Chapter 294,240 wordsPublic domain

I repeated to him an argument of a lady of my acquaintance, who maintained, that her husband's having been guilty of numberless infidelities, released her from conjugal obligations, because they were reciprocal. JOHNSON. 'This is miserable stuff, Sir. To the contract of marriage, besides the man and wife, there is a third party--Society; and if it be considered as a vow--GOD: and, therefore, it cannot be dissolved by their consent alone. Laws are not made for particular cases, but for men in general. A woman may be unhappy with her husband; but she cannot be freed from him without the approbation of the civil and ecclesiastical power. A man may be unhappy, because he is not so rich as another; but he is not to seize upon another's property with his own hand.' BOSWELL. 'But, Sir, this lady does not want that the contract should be dissolved; she only argues that she may indulge herself in gallantries with equal freedom as her husband does, provided she takes care not to introduce a spurious issue into his family.
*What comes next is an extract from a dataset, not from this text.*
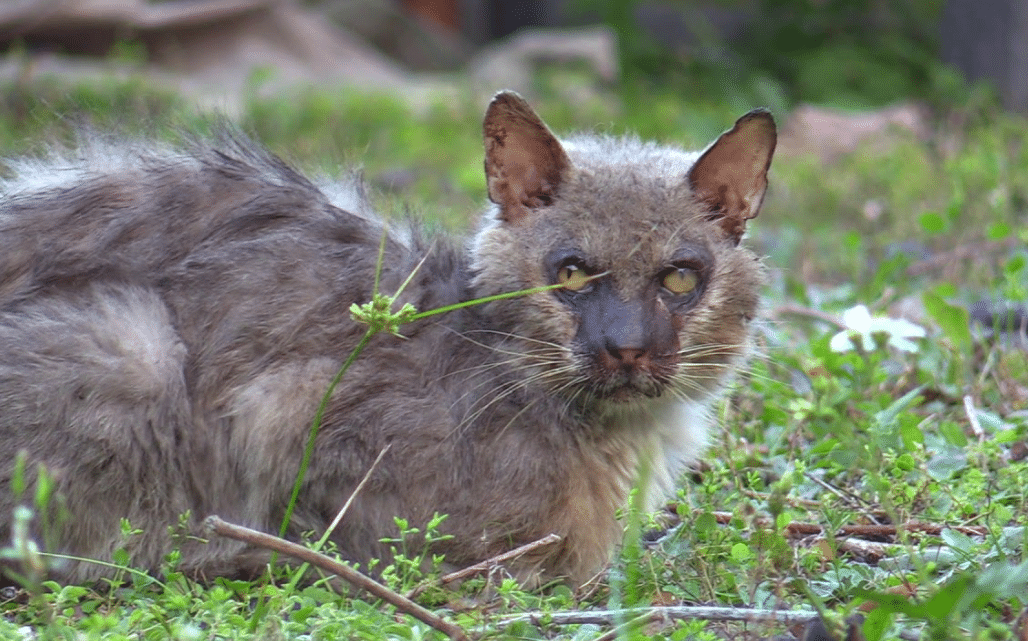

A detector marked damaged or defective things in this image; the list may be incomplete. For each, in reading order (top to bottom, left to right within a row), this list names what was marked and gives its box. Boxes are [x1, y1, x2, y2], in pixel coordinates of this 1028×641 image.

You know, Sir, what Macrobius has told us of Julia.' JOHNSON. 'This lady of yours, Sir, I think, is very fit for a brothel.'

Mr. Macbean, authour of the Dictionary of ancient Geography, came in. He mentioned that he had been forty years absent from Scotland. 'Ah, Boswell! (said Johnson, smiling,) what would you give to be forty years from Scotland?' I said, 'I should not like to be so long absent from the seat of my ancestors.' This gentleman, Mrs. Williams, and Mr. Levet, dined with us.

Mrs. Williams was very peevish; and I wondered at Johnson's patience with her now, as I had often done on similar occasions. The truth is, that his humane consideration of the forlorn and indigent state in which this lady was left by her father, induced him to treat her with the utmost tenderness, and even to be desirous of procuring her amusement, so as sometimes to incommode many of his friends, by carrying her with him to their houses, where, from her manner of eating, in consequence of her blindness, she could not but offend the delicacy of persons of nice sensations.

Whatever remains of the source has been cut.